If I had been compiling this list six months ago, "Magnolia" would have been nowhere near it.
In fact, I would have told you it was one of Anderson's weakest films. I would have said it was a self-important catastrophe.
Then I rewatched it after Philip Seymour Hoffman died. And holy shit.
Keep in mind, I saw this film once, right after it went to video back in 1999 or 2000. This was at the tail-end of that glorious 90s indie boom. Anderson was supposed to be THE NEXT BIG THING. Pretty much the only thing anybody had seen from him to that point was "Boogie Nights" (I wouldn't catch up with his first film, 1996's "Hard Eight," until a few years later). All us movie geeks were on pins and needles to see what he would come up with next.
What we got was "Magnolia." And it was definitely a film that left many of us scratching our heads.
I think I had also just read "Easy Riders, Raging Bulls," Peter Biskind's superlative chronicle of 70s New Hollywood cinema and the arrogance and excess that brought the movement down. In it, I saw dark portents for the future of the 90s scene. At the time "Magnolia" seemed to confirm my worst fears. Like Friedkin's "Sorcerer" and Coppola's "One From The Heart" before it, "Magnolia" seemed to be a bloated, pretentious mess, an unfortunate misstep from a promising young filmmaker who was given way too much way too soon.
In retrospect, I think I wanted this to be "Boogie Nights 2." That sort of expectation tripped up Tarantino in my eyes, too, when he followed "Pulp Fiction" with "Jackie Brown." I was equally soft on that film when it came out, and I've have since gone back to re-appraise it as maybe Tarantino's best work.
The experience of rewatching "Magnolia" a few months ago was profound. Now, armed with the knowledge of where Anderson would take his career over the following decade with films like "There Will Be Blood" and "The Master," "Magnolia" seems to be completely of a piece with his larger vision.
It IS a mess. A gloriously ambitious, unhinged mess. In the best possible way.
Does it all work? Absolutely not. But, damn if Anderson isn't willing to just put it all out there on the line. This is what I love about his films. They're shaggy and unwieldy things, lumbering across the screen, overstuffed with about sixteen too many ideas and brimming with a lunatic energy unlike anything else in contemporary American cinema. They shouldn't work. But they do.

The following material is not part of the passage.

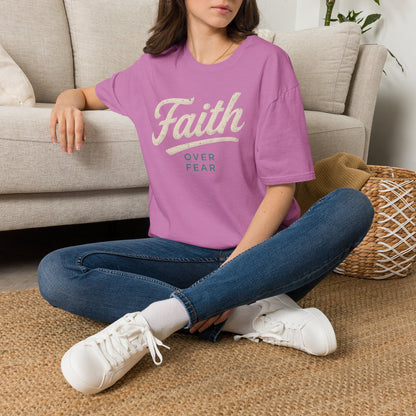 Faith Over Fear T-Shirt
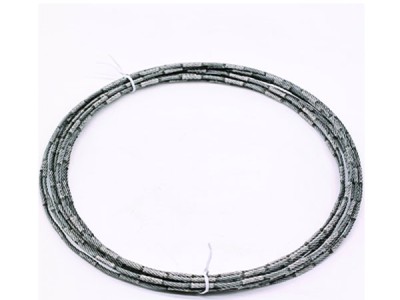 Semi-Coated Diamond Loop Wire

Somehow, through it all, he manages to tie everything together in an emotionally rich if narratively untethered way. If you can get on his films' wavelength, they'll do some crazy shit to your brain and your heart.
I remember groaning at the famous (or infamous, depending on your point of view) Aimee Mann singalong that serves as the film's crisis point. I distinctly remember thinking "wait, what the fuck is this shit?"
This time, the scene left me speechless and in absolute awe, with a surprised lump in my throat. It's such an unexpected, left-field turn and, like so much in his films, it absolutely should not work. And yet, it does. If you let it.
Fundamentally, this is a film driven by big themes — family, grief, letting go — but anchored by some truly astounding, nuanced character work, both in the script and the performances. Philip Seymour Hoffman and Julianne Moore are particularly stunning, but for my money the most compelling performance comes from Philip Baker Hall, who manages to find all sorts of unexpected emotional nooks in crannies in a character that, for him, could have been pretty stock.
I still have no idea what the rain of frogs is about, but I don't care. Rather than portend the end of the 90s indie boom, I feel like "Magnolia" was its last true moment of greatness.
1 comment:
I've always loved this film (I actually went to see this in the theater) and I remember thinking that I didn't know why I loved it, but it's one of those films that has stayed with me in such a haunting way.